---- EXERCISE MATERIALS

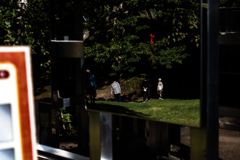 オブジェのミラー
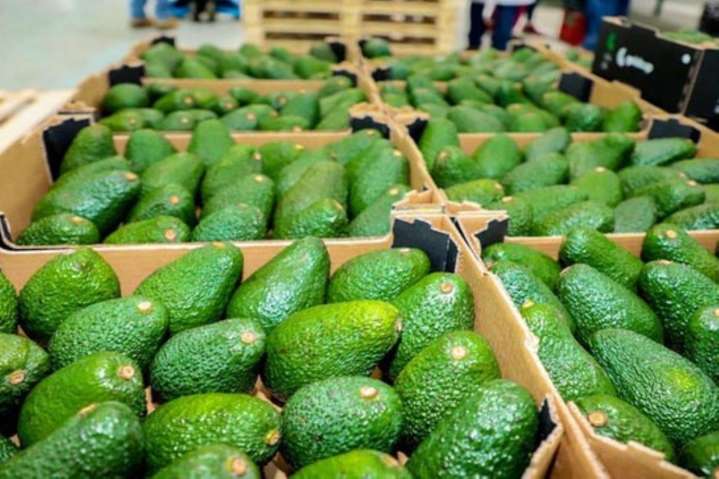 Envíos de palta peruana crecieron 16% en primer semestre de 2025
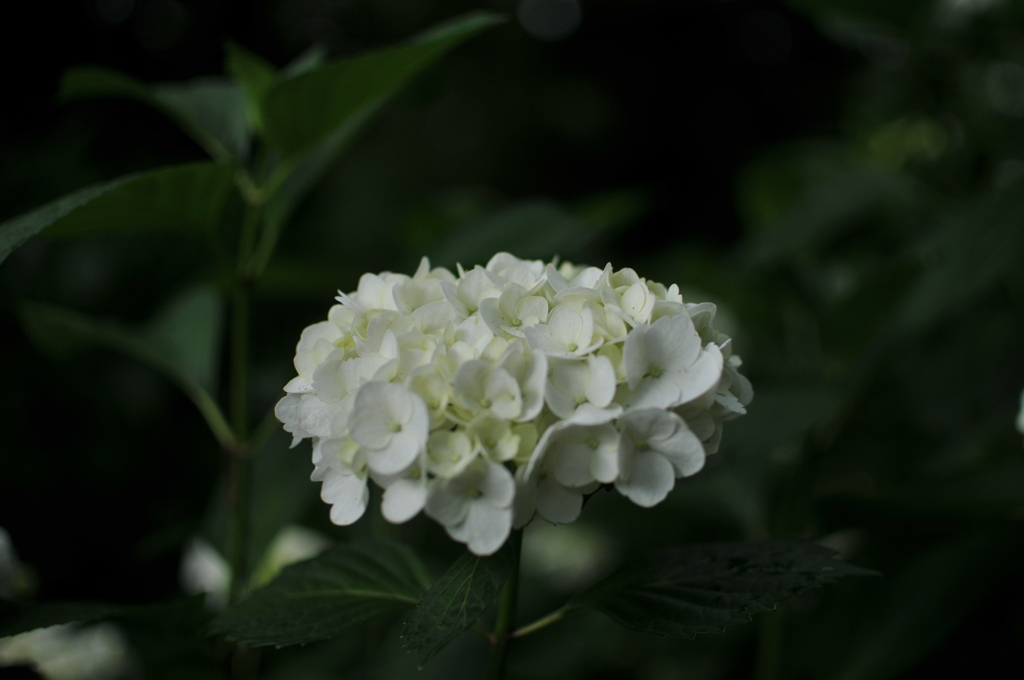 紫陽花　白鳳庵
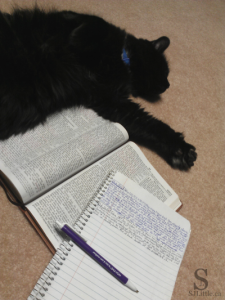 My cat trying to help me study the Bible. - S. J. Little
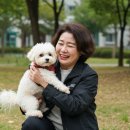 와우동물메디컬센터 이미지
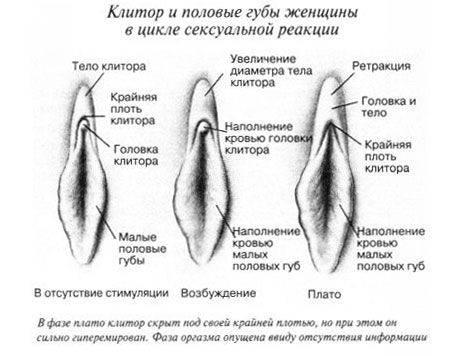 Clitoris pendant les rapports sexuels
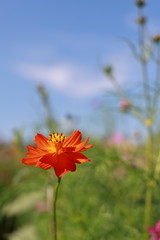 Beautiful flowers of cosmos in flower garden, Chiba, Japan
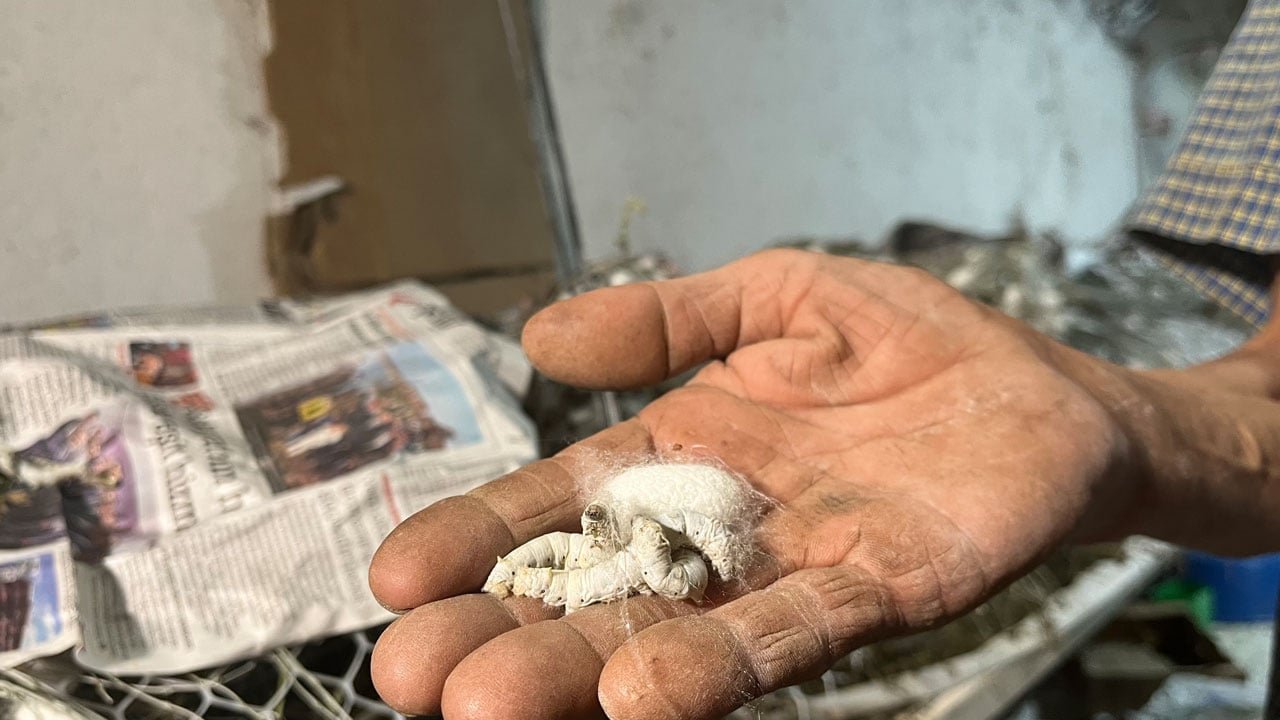 Foto - Evinin altında üretiyor: 40 günlük kazancı 216 bin lirayı aştı
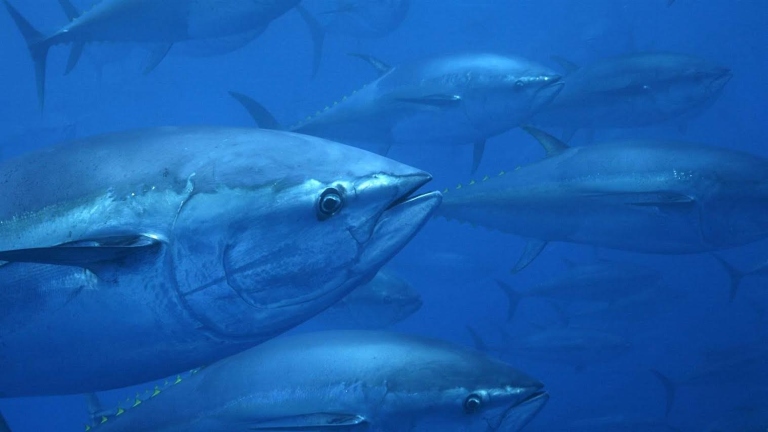 Who controls Indian Ocean tuna?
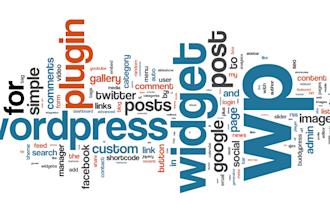 customize, update, fix, your word press website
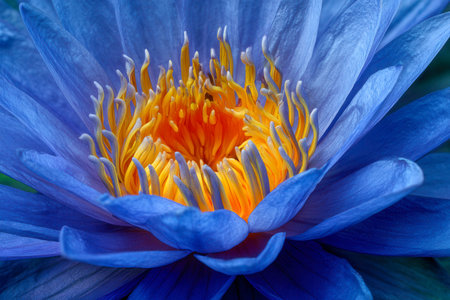 A striking water lily blooms vividly in azure hues, its fiery orange and golden core petals radiating warmth and showing delicate floral craftsmanship.の写真素材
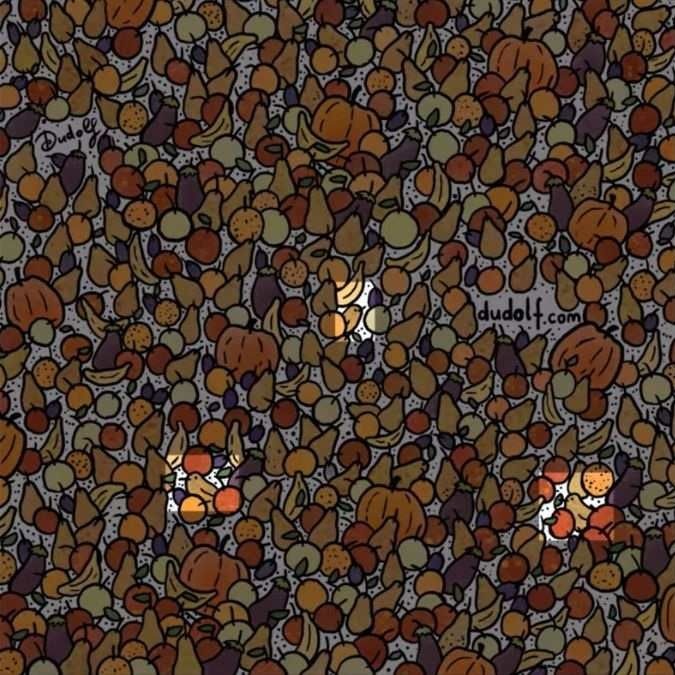 find-hidden-birds-picture-puzzle-answer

--------

THE TASK - Each line from the one holding "Who controls Indian Ocean tuna?" through the last line of the records above must be duplicated exactly, and pictures must not be.

YOUR SOLUTION -
 Who controls Indian Ocean tuna?
 customize, update, fix, your word press website
 A striking water lily blooms vividly in azure hues, its fiery orange and golden core petals radiating warmth and showing delicate floral craftsmanship.の写真素材
 find-hidden-birds-picture-puzzle-answer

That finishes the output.